As regards other requirements, an ice axe is perhaps the most helpful implement of its kind; it is not always needed, but occasions do occur when it is all but indispensable. Twenty feet of good hempen rope should also be carried for every two men; it is not often needed, but may prove at some time invaluable, and allow of being safely accomplished that which might otherwise have been impracticable or dangerous. A compass and a good map of the district are indispensable to every mountaineer. The map should be well studied before any ascent is begun, and distances and directions carefully noted. A man might as well be in the moon as in a mist without a compass for all that he would know of his whereabouts. It is one of the most difficult things possible to keep only a hundred yards in a straight line when enveloped in a dense mist. In reading the compass, it should always be carefully noted that your axes are well away from you, and there is no other cause in or near to you to deflect the needle.
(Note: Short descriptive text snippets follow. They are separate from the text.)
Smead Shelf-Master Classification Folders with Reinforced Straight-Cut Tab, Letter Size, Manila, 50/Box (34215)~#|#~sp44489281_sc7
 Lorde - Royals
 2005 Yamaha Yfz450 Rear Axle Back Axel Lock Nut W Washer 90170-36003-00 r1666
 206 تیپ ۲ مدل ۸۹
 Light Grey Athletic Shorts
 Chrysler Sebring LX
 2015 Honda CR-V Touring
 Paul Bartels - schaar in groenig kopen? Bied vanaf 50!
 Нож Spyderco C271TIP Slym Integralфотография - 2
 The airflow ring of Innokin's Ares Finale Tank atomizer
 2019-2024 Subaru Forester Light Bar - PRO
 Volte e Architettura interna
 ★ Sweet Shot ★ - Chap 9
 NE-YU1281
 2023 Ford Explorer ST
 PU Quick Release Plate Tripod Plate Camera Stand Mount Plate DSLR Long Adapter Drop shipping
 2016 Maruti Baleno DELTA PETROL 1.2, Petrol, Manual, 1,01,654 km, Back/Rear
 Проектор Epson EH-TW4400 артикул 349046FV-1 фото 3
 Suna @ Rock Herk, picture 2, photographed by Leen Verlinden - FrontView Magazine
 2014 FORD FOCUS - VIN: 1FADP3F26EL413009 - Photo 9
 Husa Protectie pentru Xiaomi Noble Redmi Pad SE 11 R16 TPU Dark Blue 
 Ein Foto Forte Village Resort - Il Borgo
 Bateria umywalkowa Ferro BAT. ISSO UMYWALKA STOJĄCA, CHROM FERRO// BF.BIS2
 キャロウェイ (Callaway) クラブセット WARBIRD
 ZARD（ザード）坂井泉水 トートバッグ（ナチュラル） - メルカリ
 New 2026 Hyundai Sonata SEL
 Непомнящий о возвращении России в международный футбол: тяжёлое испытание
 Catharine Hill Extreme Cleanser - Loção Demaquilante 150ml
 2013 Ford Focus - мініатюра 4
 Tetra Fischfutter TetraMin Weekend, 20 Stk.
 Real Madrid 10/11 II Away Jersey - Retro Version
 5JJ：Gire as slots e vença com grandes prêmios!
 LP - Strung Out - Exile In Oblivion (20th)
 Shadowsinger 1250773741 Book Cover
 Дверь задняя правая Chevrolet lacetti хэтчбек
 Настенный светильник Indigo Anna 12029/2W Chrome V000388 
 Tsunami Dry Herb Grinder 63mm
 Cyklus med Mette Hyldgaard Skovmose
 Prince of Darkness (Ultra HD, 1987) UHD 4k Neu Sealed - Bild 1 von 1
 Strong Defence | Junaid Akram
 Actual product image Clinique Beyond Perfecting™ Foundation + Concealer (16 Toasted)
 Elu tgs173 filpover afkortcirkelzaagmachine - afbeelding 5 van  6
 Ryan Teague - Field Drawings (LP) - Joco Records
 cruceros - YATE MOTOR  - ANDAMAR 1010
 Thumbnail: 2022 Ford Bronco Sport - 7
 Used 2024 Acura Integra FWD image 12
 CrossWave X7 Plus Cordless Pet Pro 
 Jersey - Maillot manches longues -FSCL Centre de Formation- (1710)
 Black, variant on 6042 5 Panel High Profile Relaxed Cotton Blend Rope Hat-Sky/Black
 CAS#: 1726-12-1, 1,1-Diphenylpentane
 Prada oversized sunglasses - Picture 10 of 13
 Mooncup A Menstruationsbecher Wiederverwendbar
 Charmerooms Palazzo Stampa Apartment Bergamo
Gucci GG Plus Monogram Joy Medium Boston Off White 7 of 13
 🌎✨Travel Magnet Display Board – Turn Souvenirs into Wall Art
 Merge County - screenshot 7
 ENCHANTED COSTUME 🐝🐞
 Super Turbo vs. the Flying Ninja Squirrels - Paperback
In the ascent which I shall conclude the paper by describing, the effects on the needle by the nearness of our axes was most marked; and to make certain at all times of the "points," we usually compared two compasses, held at some little distance from each other. By the aid of a compass and a reliable map it is possible to arrive at the required spot, in the densest of mists, with the greatest exactness. The aneroid, although not an essential, is at least an interesting adjunct. In a mist it allows of judgment upon the possible height yet to be traversed before reaching the summit; and at all times it serves to instruct on the general matter of altitudes. An aneroid which registers up to 5,000 feet is of course quite sufficient for Scotland. I think I have completed my list when I say don't leave your watch behind you. Yet three other homely articles I must add,— a pocket-knife, a piece of stout string, and a box of wax matches. They are almost too simple and insignificant to think of when preparations are being made, but it is wonderful what little useful ends they sometimes serve, and how sadly we feel their absence when really needed.

I daresay some of my readers will accuse me of forgetting one, they say, most important adjunct; but I am bound to confess that with tobacco, like whisky, the less I believe it is indulged in during work the better. When in front of your fire, with your heels on your mantelpiece, talking over your day's exploits, then is the time to enjoy such pleasures; but tobacco before or during exertion has, I am quite sure, a somewhat enervating effect, and rather lethargises a man than braces him up for his labours. In starting for these winter ascents, you never know what difficulties and delays lie between you and your bed; and the greater the store of energy you start with, the surer will be your success, and the more pleasurable your victories.

I shall now conclude by narrating what I would term a typical winter ascent. It is the best, I think, I have ever made, and not the least reason for its being so was owing to the exceptional enjoyment I derived from the delightful companionship of four Club members. I had casually heard of the projected trip, and to the originator I am indebted for kindly accepting my proffered company.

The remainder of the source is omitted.